Download demo code vis.py used to generate the plots below. NB! The file will have .txt extension, remove it when you have downloaded it.
The code will demonstrate loading hinnavaatlus.ee and teachers.ee JSON-encoded datasets. Additionally, it shows how to turn the documents into bag-of-words and TF-IDF feature spaces, commonly used representations of textual features in various natural language processing tasks. We also use principal component analysis (PCA) to reduce the dimensionality into 2D-coordinate space, suitable for plotting.
Example 1: BOW + PCA (hinnavaatlus)
Bag-of-words (BOW) representation basically converts each document into a vector, where every element denotes the frequency of a single lemma. Note that we can also use word or character n-grams instead. See CountVectorizer documention for more details.
Following example does just that. It converts the documents into BOW representation, applies PCA and plots the transformations.
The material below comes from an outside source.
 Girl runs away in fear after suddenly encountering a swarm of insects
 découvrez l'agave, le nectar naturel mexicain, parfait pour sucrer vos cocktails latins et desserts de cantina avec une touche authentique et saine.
The colors represent positive ( 4, 5), neutral (rating 3) and negative (1, 2) user ratings. The plot is useful for estimating how useful are the extracted features for classification tasks.
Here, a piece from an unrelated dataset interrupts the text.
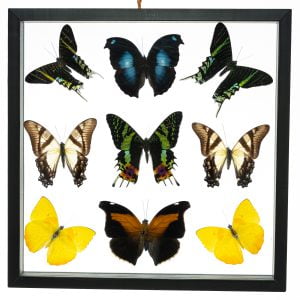- The Butterfly Connection - frames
Example2: TF-IDF + PCA (hinnavaatlus)
Here we replace BOW representation with TF-IDF. The resulting separation of positive and negative comments seems slightly better, but it is hard to say if it would aid classification.
Example 3: TF-IDF + CHI2 TEST BASED FEATURE SELECTION + PCA (hinnavaatlus)
In this example, we additionally employ chi-squared test to measure independence of features in positive vs nutral vs negative classes. It will help to select features that are most discriminative between positive, negative and neutral documents. We see in the plot, that this approach is much better than two previous. Most positive examples are separated, although it is still hard to distinguish between neutral and negative documents.
Example 4: TF-IDF + PCA (hinnavaatlus vs teachers)
This last example shows that the language used in teachers dataset is clearly different from hinnavaatlus dataset as there is no problem to distinguish between the two. We even did not need to employ any special feature selection.